Polskie porty obciążone ponad miarę, powstaje reakcja łańcuchowa
W pierwszym półroczu obecnego roku, przeładunek w polskich portach wzrósł o 21% - podaje serwis money.pl. Kryzys nie kończy się jednak rozładunku. Powstają kolejki ciężarówek, co powoduje dalsze trudności. Skalę komplikacji powiększają braki kadrowe na niektórych stanowiskach w logistyce. Podobne zwirowania dotyczą nie tylko Polski, również innych państw wschodniej flanki NATO.
Embargo na zboże z Ukrainy
W połowie września minister rozwoju i technologii wydał rozporządzenie w sprawie zakazu przywozu z Ukrainy produktów rolnych. Wymieniono tam rośliny takie jak pszenica, kukurydza, rzepak i słonecznik.
Embargo położyło cień na relacje polsko-ukraińskie.

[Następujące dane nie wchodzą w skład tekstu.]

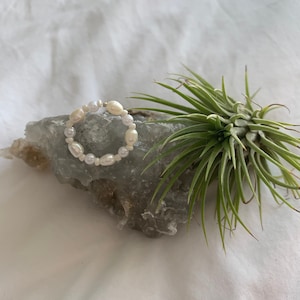 May include: A white pearl ring on a grey rock with a green air plant.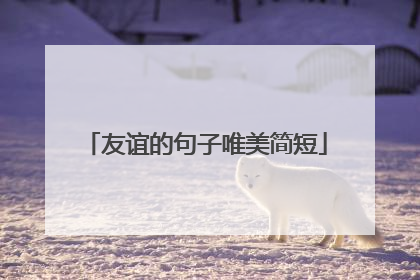 友谊的句子唯美简短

Prezydent Zełenski, na forum Zgromadzenia Ogólnego Narodów Zjednoczonych, użył określenia „zbożowy thriller”.
Potrzebne zmiany systemowe
Można jedynie spekulować jak przyszły rząd ułoży relacje handlowe z Ukrainą. Gdyby zdecydowano na szersze otwarcie polskich portów dla ukraińskich produktów rolnych, to kryzys mógłby się pogłębić.
Największym ukraińskim portem jest Odessa. Miasto nad Morzem Czarnym obsługiwało ogromne ilości transportu. Obecnie Odessa jest pod ciągłym ostrzałem, a inne porty w Europie Środkowej muszą szukać innowacyjnych logistycznych rozwiązań.